L’analisi si concentra anche sulle variazioni territoriali. Qui si vede che il Pd si è indebolito dappertutto, tranne che nel Molise e in Valle d’Aosta. Il crollo più alto è stato nelle regioni del Sud, dove l’abbandono è stato superiore alla media (-37%), soprattutto in Puglia, dove si è registrata la perdita più grande in assoluto (-44,8%), Basilicata e in Calabria. E, a ben guardare, tutta l’area adriatica ha voltato le spalle al partito di Bersani. Il problema è che è andata male anche nelle cosiddette “regioni rosse”, dove ha perso il 26,3%. Anche il Pdl ha poco da ridere: ha contenuto la fuga del nordest, dove ha perso solo il 34% dei voti rispetto al 2008, ma in tutto il resto d’Italia il partito è dimezzato: ad esempio in Sardegna (-54,6%) Basilicata (-52,8%), nelle Marche (-52,6), ma anche Calabria, Sicilia, Friuli e Trentino Alto Adige sono una Waterloo. In totale, i due grandi partiti di centrodestra e centrosinistra hanno perso oltre nove milioni di elettori. Dove sono andati?

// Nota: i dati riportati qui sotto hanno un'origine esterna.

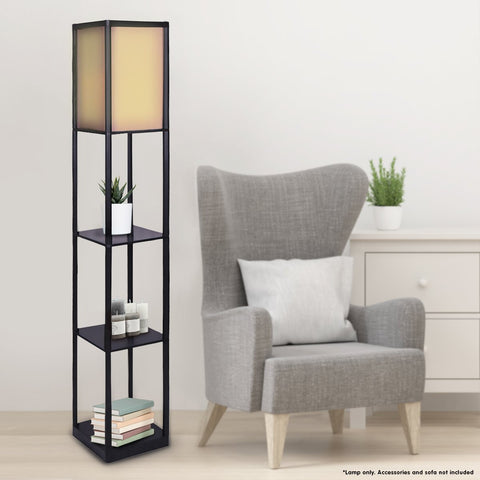 Floor Lamp Shelves in Black Frame with Brown Fabric Shade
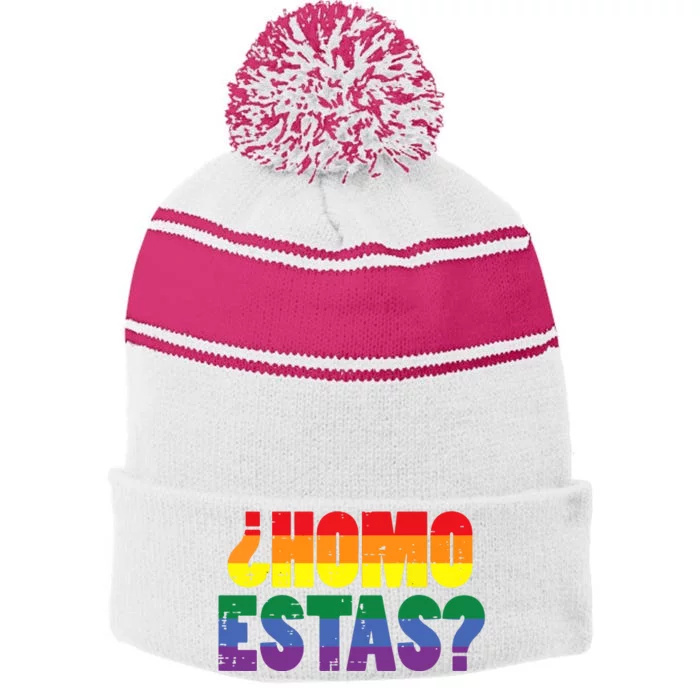 Homo Estas Spanish Mexican Funny Pride Ally Month Stripe Pom Pom Beanie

Molti di loro hanno votato per il Movimento Cinque Stelle, che ha preso ben 8.700.000 voti. Ma Beppe Grillo ha preso un po’ da ogni parte. Ha rubato si sicuro dalla Lega, che si è dimezzata (-54%), perdendo più di 1.600.000 voti e ritirandosi nelle sue roccaforti lombarde (dove contiene i danni, visto che – sembra un paradosso – si trova a governare le tre principali regioni del nord), Anche se nel nordest ha perso il 61% e in Piemonte addirittura il 64,3%, mentre in Liguria quasi scompare, perdendo il 68%. Ha preso, forse, dall’ala della destra, (nel 2008 Forza Nuova e La Destra, nel 2013 La Destra, Casa Pound, Fiamma Tricolore, Rifondazione Missina e Forza Nuova) che ha visto ridursi il suo bacino di consensi da 1 milione a 400mila voti.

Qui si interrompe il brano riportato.